WIP: An Engaging Undergraduate Intro to Model Checking in Software Engineering Using TLA+

TL;DR

The paper addresses the underutilization of formal methods in CS education by proposing a TLA+-driven model-checking curriculum for undergraduates and graduates. It presents a microwaves-oven running example and a structured progression from unit testing to safety and liveness properties, validated through TLC-based verification and iterative refinement with invariants and fairness. Key contributions include a curricular design aligned to SE knowledge areas, concrete exemplars, and preliminary evaluation showing strong student engagement (84% positive) and learning gains. The work emphasizes open-source, reproducible materials (GitHub + CI) to enable broader adoption and collaboration across institutions.

Abstract

Background: In this paper, we present our initial efforts to integrate formal methods, with a focus on model-checking specifications written in Temporal Logic of Actions (TLA+), into computer science education, targeting undergraduate juniors/seniors and graduate students. Formal methods can play a key role in ensuring correct behavior of safety-critical systems, yet remain underutilized in educational and industry contexts.
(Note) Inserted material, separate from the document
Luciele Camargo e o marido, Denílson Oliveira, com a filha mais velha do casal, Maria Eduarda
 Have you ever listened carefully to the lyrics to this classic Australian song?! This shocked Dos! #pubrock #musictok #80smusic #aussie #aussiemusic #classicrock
Aims: We aim to (1) qualitatively assess the state of formal methods in computer science programs, (2) construct level-appropriate examples that could be included midway into one's undergraduate studies, (3) demonstrate how to address successive "failures" through progressively stringent safety and liveness requirements, and (4) establish an ongoing framework for assessing interest and relevance among students. Methods: After starting with a refresher on mathematical logic, students specify the rules of simple puzzles in TLA+ and use its included model checker (known as TLC) to find a solution. We gradually escalate to more complex, dynamic, event-driven systems, such as the control logic of a microwave oven, where students will study safety and liveness requirements. We subsequently discuss explicit concurrency, along with thread safety and deadlock avoidance, by modeling bounded counters and buffers. Results: Our initial findings suggest that through careful curricular design and choice of examples and tools, it is possible to inspire and cultivate a new generation of software engineers proficient in formal methods. Conclusions: Our initial efforts suggest that 84% of our students had a positive experience in our formal methods course. Future plans include a longitudinal analysis within our own institution and proposals to partner with other institutions to explore the effectiveness of our open-source and open-access modules.

Figures (7)

• Figure 1: The microwave oven is an engaging and comprehensible, yet non-trivial, example of a safety-critical embedded system worthy of student attention in a Formal Methods course. This figure illustrates how we model two critical requirements: (1) To prevent radiation exposure, the appliance must not run with the door open, and (2) To prevent overheating while radiating, it must eventually turn off (per the TLA+leads to operator $\leadsto$).
• Figure 2: Valid initial states and top-level specification for the microwave oven: Initially, the microwave is not radiating, there is no time remaining, and the door is either open or closed. Subsequently, the model can repeatedly perform any available action, as indicated by the temporal operator "always" ($\Box$).
• Figure 3: Tick action for decrementing the timer, defined as a conjunction of preconditions, effects, and postconditions, where $v'$ refers to a variable's value in the next state following the action. According to the preconditions, this action is enabled only when the oven is radiating and there is nonzero time remaining. Its effect is to decrement the remaining time; when the remaining time reaches zero, its additional effect is to shut off radiation.
• Figure 4: Scenario for normal operation: The microwave is initially radiating with the door closed and one second of time remaining. When the internal timer ticks, the remaining time goes to zero, and the oven stops radiating.
• Figure 5: Scenario leading to an unsafe condition: The microwave is initially stopped with the door open and several seconds of time remaining. When the user presses the start button, the microwave emits harmful radiation.